Burton was known for his emphasis on the direct experience of the spatial, visual, and tactile experience of particular materials, and thus the palette of his work as a whole is generally limited to the hues of the unadorned surfaces of stone, wood, and metal. However, several works proved to be surprising exceptions, including Five-Part Storage Cube, a brightly colored system of box-like forms structured in an almost vertiginous arrangement. Even in less obvious examples, an often overlooked sense of visual play can be traced throughout the sculptures, so that seeing these works together allows for seemingly austere works to be seen in a new light.

In 2004 Scott Burton’s work was the subject of a retrospective exhibition at the IVAM Center Julio Gonzalez, Valencia, Spain, and was included in Art by Design/Design by Art: Decorative Art by Minimalist and Post-Minimalist Artists at the Cooper Hewitt National Design Museum, New York. During his lifetime he was the subject of solo exhibitions at many institutions throughout the United States and Europe, including the Whitney Museum of American Art, New York; the Kunstverein für die Rheinland und Westfalen, Düsseldorf (traveled to the Württembergischer Kunstverein, Stuttgart, Germany and the Musée des Arts Decoratifs, Paris); the Baltimore Museum of Art; The Tate Gallery, London; The Contemporary Arts Center, Cincinnati, and the Fort Worth Art Museum, Fort Worth (traveled to the Walker Art Center, Minneapolis, and the Contemporary Arts Museum, Houston). His work is in major museum collections, including those of the Museum of Modern Art, New York; the Museum of Contemporary Art, Los Angeles; and the Solomon R. Guggenheim Museum, New York. He completed many large-scale public projects, including the general plans for the World Financial Center Plaza at Battery Park City and the urban plazas at the Equitable Center, PaineWebber Building, both in New York.

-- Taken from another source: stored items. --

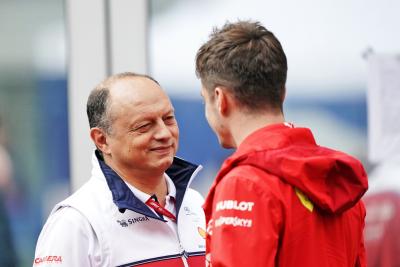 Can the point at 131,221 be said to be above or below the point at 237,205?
below

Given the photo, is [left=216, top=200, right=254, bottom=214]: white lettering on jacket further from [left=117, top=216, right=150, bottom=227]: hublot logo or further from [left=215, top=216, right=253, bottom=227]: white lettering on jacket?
[left=117, top=216, right=150, bottom=227]: hublot logo

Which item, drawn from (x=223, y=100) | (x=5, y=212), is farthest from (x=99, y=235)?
(x=5, y=212)

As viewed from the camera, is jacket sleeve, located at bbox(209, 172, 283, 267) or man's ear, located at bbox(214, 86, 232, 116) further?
man's ear, located at bbox(214, 86, 232, 116)

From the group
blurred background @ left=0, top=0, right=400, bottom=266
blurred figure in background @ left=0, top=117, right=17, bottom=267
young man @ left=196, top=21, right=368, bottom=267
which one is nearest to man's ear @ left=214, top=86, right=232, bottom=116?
young man @ left=196, top=21, right=368, bottom=267

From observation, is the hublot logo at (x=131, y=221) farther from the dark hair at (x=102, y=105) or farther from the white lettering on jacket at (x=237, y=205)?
the white lettering on jacket at (x=237, y=205)

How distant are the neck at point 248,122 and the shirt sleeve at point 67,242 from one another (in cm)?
66

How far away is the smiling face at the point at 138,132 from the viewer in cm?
301

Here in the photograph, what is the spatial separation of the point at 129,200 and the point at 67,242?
26cm

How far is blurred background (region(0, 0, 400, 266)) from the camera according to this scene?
14.7ft

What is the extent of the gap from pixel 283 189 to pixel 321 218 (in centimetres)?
15

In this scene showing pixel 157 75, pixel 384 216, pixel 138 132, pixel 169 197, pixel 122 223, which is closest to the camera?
pixel 122 223

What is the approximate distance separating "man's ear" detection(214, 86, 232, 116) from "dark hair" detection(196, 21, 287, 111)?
15mm

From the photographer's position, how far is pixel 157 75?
15.0 feet

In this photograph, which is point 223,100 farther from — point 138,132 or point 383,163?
point 383,163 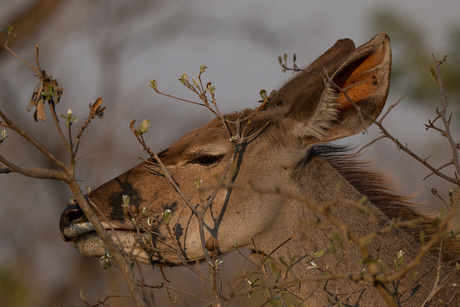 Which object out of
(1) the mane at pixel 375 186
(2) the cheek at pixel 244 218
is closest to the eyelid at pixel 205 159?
(2) the cheek at pixel 244 218

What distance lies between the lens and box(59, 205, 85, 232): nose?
4.97 metres

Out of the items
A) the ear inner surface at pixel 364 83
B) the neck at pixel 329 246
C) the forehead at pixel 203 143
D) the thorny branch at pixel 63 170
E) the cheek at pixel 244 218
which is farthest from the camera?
the forehead at pixel 203 143

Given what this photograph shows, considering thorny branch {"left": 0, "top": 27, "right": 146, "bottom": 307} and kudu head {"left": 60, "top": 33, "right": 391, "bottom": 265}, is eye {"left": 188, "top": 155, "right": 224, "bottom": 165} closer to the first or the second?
kudu head {"left": 60, "top": 33, "right": 391, "bottom": 265}

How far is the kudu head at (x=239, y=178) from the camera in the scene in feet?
16.4

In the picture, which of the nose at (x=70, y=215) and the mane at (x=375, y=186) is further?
the mane at (x=375, y=186)

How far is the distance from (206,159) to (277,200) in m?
0.62

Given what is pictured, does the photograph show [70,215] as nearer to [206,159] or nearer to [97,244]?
[97,244]

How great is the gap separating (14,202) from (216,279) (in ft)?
28.7

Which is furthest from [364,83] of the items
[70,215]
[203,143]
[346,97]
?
[70,215]

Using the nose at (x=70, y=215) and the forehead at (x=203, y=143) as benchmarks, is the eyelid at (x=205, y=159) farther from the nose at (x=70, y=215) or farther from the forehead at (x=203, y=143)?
the nose at (x=70, y=215)

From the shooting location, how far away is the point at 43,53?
39.6 feet

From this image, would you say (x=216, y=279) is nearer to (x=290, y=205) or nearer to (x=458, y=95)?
(x=290, y=205)

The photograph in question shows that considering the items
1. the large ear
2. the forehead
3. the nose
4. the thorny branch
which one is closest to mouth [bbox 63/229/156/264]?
the nose

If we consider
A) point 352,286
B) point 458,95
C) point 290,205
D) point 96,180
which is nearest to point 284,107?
point 290,205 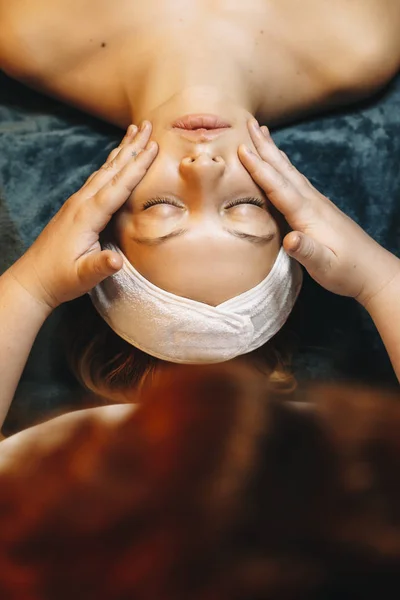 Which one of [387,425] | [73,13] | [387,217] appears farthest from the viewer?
[387,217]

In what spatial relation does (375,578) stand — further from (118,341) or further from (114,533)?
(118,341)

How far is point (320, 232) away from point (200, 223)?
0.23m

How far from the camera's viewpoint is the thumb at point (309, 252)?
44.4 inches

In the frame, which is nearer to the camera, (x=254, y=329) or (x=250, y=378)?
(x=250, y=378)

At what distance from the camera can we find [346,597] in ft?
1.43

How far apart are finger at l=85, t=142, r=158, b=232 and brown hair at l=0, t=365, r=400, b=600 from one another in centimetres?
81

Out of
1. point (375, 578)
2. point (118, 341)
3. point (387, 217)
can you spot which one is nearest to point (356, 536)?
point (375, 578)

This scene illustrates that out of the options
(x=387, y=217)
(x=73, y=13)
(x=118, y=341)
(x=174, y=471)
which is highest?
(x=174, y=471)

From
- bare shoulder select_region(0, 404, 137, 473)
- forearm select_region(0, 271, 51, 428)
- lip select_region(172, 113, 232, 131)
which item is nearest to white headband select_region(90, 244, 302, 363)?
forearm select_region(0, 271, 51, 428)

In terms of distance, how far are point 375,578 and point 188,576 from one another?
0.12 m

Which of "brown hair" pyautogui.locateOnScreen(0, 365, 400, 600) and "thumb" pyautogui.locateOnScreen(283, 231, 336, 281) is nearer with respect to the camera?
"brown hair" pyautogui.locateOnScreen(0, 365, 400, 600)

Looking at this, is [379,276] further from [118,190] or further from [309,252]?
[118,190]

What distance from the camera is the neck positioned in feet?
4.28

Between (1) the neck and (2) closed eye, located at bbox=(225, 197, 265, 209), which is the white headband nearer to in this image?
(2) closed eye, located at bbox=(225, 197, 265, 209) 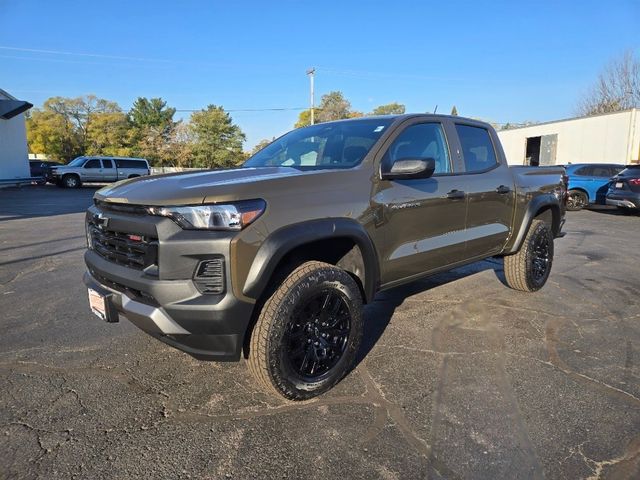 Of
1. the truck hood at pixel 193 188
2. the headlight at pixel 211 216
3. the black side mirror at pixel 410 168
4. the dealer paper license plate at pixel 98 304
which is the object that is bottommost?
the dealer paper license plate at pixel 98 304

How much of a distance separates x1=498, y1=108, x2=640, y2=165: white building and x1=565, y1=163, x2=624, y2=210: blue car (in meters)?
3.73

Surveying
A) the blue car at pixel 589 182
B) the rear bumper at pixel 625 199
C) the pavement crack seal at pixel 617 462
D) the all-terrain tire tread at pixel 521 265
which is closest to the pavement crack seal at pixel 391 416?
the pavement crack seal at pixel 617 462

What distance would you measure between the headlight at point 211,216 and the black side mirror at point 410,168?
1194mm

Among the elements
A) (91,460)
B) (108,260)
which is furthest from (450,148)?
(91,460)

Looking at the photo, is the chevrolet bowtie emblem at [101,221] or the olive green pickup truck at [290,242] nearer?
the olive green pickup truck at [290,242]

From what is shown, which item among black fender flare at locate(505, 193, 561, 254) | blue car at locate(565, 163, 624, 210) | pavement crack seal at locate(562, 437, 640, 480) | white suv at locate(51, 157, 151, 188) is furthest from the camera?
white suv at locate(51, 157, 151, 188)

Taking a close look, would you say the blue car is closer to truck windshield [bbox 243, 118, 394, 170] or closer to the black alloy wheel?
truck windshield [bbox 243, 118, 394, 170]

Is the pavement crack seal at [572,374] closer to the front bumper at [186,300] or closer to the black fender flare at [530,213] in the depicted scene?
the black fender flare at [530,213]

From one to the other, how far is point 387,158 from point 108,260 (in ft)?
6.78

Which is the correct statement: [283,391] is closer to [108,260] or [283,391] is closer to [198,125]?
[108,260]

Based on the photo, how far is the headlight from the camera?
96.6 inches

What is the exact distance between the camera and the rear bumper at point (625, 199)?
492 inches

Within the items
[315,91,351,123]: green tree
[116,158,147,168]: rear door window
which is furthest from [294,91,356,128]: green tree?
[116,158,147,168]: rear door window

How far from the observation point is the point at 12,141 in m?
26.8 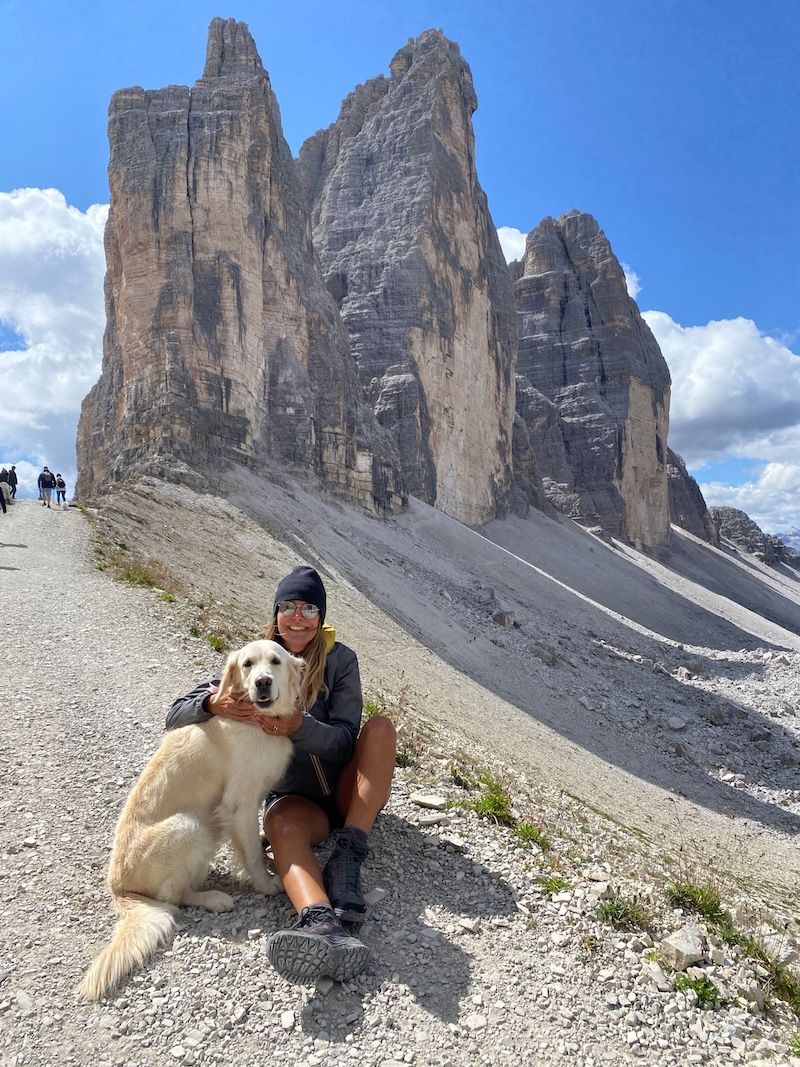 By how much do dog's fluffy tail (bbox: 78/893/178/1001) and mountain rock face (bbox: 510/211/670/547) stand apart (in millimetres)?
65743

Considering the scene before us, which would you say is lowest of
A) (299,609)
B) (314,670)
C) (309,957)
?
(309,957)

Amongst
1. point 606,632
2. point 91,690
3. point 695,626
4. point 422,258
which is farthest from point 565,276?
point 91,690

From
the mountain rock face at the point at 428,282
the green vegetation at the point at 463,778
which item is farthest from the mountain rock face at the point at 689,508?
the green vegetation at the point at 463,778

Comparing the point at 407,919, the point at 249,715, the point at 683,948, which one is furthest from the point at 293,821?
the point at 683,948

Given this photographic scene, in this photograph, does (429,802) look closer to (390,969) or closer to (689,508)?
(390,969)

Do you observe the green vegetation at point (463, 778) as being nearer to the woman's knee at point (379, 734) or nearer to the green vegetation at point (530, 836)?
the green vegetation at point (530, 836)

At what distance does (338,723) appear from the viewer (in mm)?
4582

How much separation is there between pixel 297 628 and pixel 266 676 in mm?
776

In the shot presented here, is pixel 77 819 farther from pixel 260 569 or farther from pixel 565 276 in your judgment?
pixel 565 276

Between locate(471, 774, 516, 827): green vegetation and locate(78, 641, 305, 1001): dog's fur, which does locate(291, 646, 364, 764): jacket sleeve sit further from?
locate(471, 774, 516, 827): green vegetation

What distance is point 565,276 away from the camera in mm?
80438

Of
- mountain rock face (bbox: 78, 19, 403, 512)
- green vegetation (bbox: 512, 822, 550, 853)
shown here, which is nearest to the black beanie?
green vegetation (bbox: 512, 822, 550, 853)

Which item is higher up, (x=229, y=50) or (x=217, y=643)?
(x=229, y=50)

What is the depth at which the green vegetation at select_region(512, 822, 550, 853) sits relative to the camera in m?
5.29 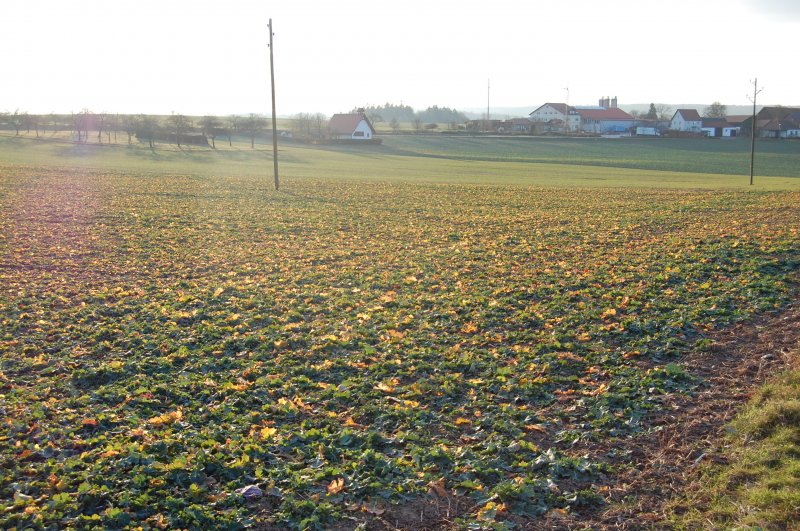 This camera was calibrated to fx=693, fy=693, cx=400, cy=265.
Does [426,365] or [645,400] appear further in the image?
[426,365]

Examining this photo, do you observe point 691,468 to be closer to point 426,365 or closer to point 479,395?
point 479,395

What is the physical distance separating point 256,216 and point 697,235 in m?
15.0

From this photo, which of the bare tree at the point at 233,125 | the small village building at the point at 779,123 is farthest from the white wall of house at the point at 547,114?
the bare tree at the point at 233,125

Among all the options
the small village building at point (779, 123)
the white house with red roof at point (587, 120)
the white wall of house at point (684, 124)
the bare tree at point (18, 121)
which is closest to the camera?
the bare tree at point (18, 121)

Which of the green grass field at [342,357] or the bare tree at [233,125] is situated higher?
the bare tree at [233,125]

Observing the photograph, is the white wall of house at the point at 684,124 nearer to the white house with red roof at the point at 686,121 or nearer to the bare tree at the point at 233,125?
the white house with red roof at the point at 686,121

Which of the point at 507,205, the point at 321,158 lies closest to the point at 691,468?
the point at 507,205

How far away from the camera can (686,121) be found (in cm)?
13425

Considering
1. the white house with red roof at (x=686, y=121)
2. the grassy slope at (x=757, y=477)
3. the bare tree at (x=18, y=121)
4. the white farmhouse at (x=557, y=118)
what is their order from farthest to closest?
the white farmhouse at (x=557, y=118) < the white house with red roof at (x=686, y=121) < the bare tree at (x=18, y=121) < the grassy slope at (x=757, y=477)

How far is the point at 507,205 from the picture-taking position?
30.3 meters

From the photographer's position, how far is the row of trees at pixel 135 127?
8988 centimetres

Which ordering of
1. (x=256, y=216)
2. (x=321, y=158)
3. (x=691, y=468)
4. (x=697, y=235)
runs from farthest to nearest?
(x=321, y=158) < (x=256, y=216) < (x=697, y=235) < (x=691, y=468)

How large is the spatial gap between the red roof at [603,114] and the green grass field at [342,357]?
126 metres

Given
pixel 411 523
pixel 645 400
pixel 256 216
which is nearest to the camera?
pixel 411 523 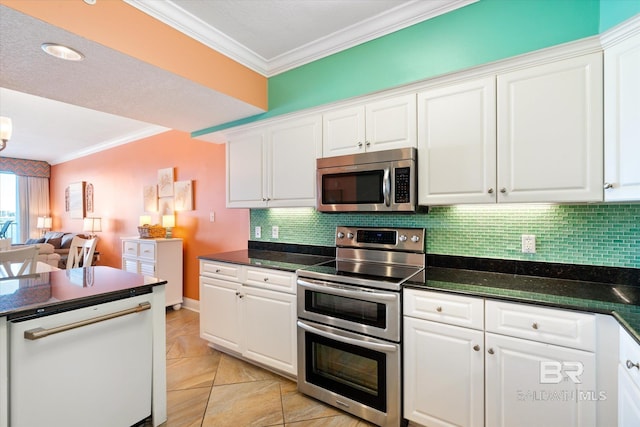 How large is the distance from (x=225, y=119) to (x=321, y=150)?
1.15m

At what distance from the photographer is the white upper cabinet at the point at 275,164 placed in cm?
244

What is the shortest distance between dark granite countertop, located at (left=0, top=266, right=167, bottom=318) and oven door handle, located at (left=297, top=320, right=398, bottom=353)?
3.34 feet

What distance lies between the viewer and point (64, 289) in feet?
5.24

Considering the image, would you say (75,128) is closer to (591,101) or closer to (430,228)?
(430,228)

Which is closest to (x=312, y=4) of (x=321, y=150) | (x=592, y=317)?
(x=321, y=150)

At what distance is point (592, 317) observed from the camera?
127 centimetres

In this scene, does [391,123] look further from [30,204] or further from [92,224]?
[30,204]

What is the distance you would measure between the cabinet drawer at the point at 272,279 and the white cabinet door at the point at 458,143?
3.57 feet

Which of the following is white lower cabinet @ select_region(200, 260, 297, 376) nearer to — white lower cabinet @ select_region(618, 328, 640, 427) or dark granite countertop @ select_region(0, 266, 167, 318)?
dark granite countertop @ select_region(0, 266, 167, 318)

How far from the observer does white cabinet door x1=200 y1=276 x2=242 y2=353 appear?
254cm

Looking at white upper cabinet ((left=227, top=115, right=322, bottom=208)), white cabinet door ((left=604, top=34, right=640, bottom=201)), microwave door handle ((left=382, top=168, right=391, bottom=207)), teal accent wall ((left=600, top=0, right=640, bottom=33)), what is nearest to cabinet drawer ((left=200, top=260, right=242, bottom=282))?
white upper cabinet ((left=227, top=115, right=322, bottom=208))

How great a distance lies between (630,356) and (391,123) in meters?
1.63

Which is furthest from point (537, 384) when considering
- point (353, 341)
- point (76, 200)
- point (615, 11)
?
point (76, 200)

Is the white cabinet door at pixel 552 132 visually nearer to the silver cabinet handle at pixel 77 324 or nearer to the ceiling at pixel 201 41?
the ceiling at pixel 201 41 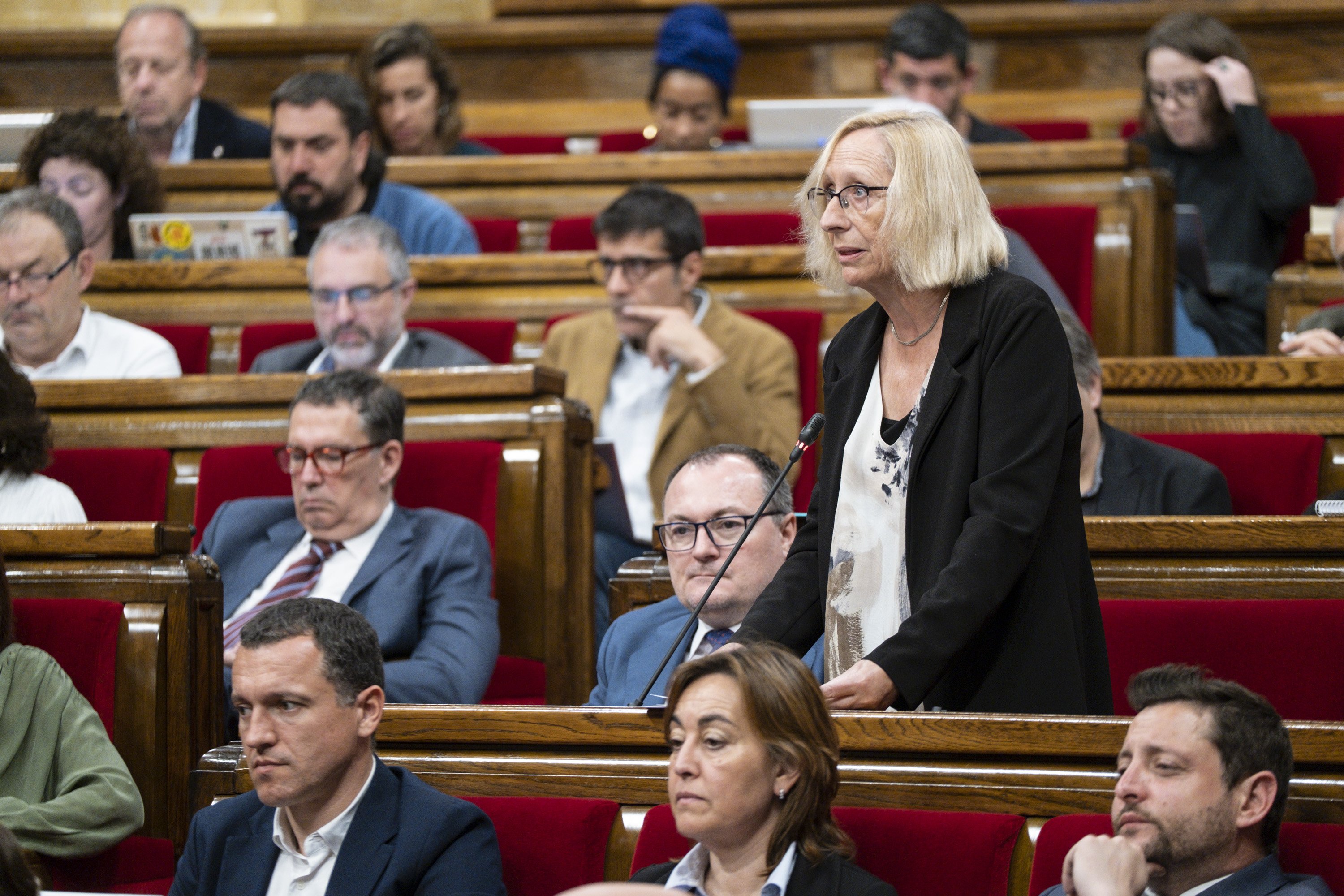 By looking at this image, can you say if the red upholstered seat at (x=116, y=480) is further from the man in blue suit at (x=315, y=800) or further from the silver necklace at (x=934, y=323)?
the silver necklace at (x=934, y=323)

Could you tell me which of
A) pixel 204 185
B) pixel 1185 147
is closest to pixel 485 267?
pixel 204 185

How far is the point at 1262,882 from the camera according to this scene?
3.11ft

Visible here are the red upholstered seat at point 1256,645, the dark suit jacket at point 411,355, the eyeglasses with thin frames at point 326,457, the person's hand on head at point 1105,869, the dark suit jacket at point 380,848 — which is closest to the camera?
the person's hand on head at point 1105,869

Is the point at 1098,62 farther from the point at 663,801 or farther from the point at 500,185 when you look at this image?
the point at 663,801

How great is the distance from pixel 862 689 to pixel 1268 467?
2.92ft

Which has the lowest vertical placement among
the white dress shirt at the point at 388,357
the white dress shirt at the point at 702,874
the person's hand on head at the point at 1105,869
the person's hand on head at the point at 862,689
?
the white dress shirt at the point at 702,874

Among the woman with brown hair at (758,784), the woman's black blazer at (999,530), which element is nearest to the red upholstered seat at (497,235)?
the woman's black blazer at (999,530)

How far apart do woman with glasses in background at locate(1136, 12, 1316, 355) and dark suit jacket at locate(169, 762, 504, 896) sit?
161cm

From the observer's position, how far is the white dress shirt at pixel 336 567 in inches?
67.4

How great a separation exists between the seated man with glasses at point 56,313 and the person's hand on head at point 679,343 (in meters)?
0.63

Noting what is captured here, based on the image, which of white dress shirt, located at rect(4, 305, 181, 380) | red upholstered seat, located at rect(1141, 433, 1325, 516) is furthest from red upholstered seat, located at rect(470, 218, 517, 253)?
red upholstered seat, located at rect(1141, 433, 1325, 516)

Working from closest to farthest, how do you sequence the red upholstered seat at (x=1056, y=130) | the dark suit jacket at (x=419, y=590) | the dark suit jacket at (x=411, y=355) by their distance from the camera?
the dark suit jacket at (x=419, y=590), the dark suit jacket at (x=411, y=355), the red upholstered seat at (x=1056, y=130)

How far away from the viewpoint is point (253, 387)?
6.37 ft

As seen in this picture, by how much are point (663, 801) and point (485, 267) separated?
1.32 metres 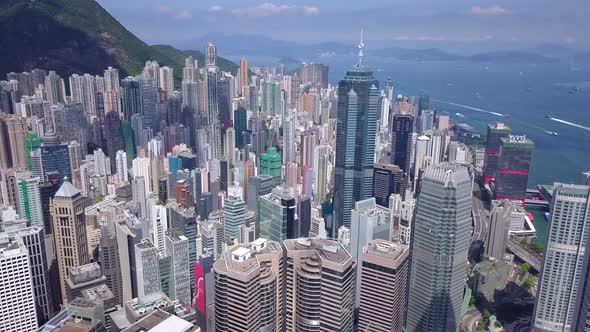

Nina Felshin is an independent curator, writer, and activist. Most recently she was curator of Wesleyan University’s Zilkha Gallery and an adjunct lecturer in Art History (1996-2010). Included among her Zilkha exhibitions are: Black and Blue: Examining Police Brutality; Disasters of War: From Goya to Golub; Framing and Being Framed: The Uses of Documentary Photography; Global Warning: Artists and Climate Change and; Daniel Heyman—Bearing Witness: Stories from the Front Lines. Formerly she was a curator at the Corcoran Gallery of Art in Washington, DC and the Contemporary Art Center in Cincinnati. She has written numerous essays, articles and reviews about contemporary art that have appeared in anthologies, exhibitions catalogs, The Washington Post, The Art Journal, Art in America, and The Progressive.